▸ Task details
All the data should be printed again exactly as written.

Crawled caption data
··········
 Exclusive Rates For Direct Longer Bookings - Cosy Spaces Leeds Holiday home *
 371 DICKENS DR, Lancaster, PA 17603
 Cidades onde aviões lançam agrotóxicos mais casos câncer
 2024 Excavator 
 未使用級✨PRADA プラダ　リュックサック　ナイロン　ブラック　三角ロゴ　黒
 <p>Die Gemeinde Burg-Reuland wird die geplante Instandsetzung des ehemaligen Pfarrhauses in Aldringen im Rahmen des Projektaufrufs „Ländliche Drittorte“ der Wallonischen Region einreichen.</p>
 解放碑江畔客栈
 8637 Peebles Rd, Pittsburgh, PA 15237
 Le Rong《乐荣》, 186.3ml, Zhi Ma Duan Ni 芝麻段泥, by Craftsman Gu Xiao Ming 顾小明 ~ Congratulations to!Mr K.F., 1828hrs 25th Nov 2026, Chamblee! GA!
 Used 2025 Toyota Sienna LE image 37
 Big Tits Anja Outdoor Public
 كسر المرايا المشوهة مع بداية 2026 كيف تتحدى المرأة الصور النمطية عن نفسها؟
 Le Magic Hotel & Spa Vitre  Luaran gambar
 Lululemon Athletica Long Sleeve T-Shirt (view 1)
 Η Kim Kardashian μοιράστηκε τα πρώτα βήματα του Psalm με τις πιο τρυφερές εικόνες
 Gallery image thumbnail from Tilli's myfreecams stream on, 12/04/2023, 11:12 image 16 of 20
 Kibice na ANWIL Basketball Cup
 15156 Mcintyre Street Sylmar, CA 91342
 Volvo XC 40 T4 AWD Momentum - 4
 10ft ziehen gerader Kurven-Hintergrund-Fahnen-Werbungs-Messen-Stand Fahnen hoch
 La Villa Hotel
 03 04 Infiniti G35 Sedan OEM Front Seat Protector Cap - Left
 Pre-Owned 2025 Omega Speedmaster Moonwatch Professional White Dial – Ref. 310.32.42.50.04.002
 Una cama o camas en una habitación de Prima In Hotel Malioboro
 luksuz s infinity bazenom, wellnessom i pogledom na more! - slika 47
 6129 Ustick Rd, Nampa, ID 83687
··········
▸ Result
 Exclusive Rates For Direct Longer Bookings - Cosy Spaces Leeds Holiday home *
 371 DICKENS DR, Lancaster, PA 17603
 Cidades onde aviões lançam agrotóxicos mais casos câncer
 2024 Excavator 
 未使用級✨PRADA プラダ　リュックサック　ナイロン　ブラック　三角ロゴ　黒
 <p>Die Gemeinde Burg-Reuland wird die geplante Instandsetzung des ehemaligen Pfarrhauses in Aldringen im Rahmen des Projektaufrufs „Ländliche Drittorte“ der Wallonischen Region einreichen.</p>
 解放碑江畔客栈
 8637 Peebles Rd, Pittsburgh, PA 15237
 Le Rong《乐荣》, 186.3ml, Zhi Ma Duan Ni 芝麻段泥, by Craftsman Gu Xiao Ming 顾小明 ~ Congratulations to!Mr K.F., 1828hrs 25th Nov 2026, Chamblee! GA!
 Used 2025 Toyota Sienna LE image 37
 Big Tits Anja Outdoor Public
 كسر المرايا المشوهة مع بداية 2026 كيف تتحدى المرأة الصور النمطية عن نفسها؟
 Le Magic Hotel & Spa Vitre  Luaran gambar
 Lululemon Athletica Long Sleeve T-Shirt (view 1)
 Η Kim Kardashian μοιράστηκε τα πρώτα βήματα του Psalm με τις πιο τρυφερές εικόνες
 Gallery image thumbnail from Tilli's myfreecams stream on, 12/04/2023, 11:12 image 16 of 20
 Kibice na ANWIL Basketball Cup
 15156 Mcintyre Street Sylmar, CA 91342
 Volvo XC 40 T4 AWD Momentum - 4
 10ft ziehen gerader Kurven-Hintergrund-Fahnen-Werbungs-Messen-Stand Fahnen hoch
 La Villa Hotel
 03 04 Infiniti G35 Sedan OEM Front Seat Protector Cap - Left
 Pre-Owned 2025 Omega Speedmaster Moonwatch Professional White Dial – Ref. 310.32.42.50.04.002
 Una cama o camas en una habitación de Prima In Hotel Malioboro
 luksuz s infinity bazenom, wellnessom i pogledom na more! - slika 47
 6129 Ustick Rd, Nampa, ID 83687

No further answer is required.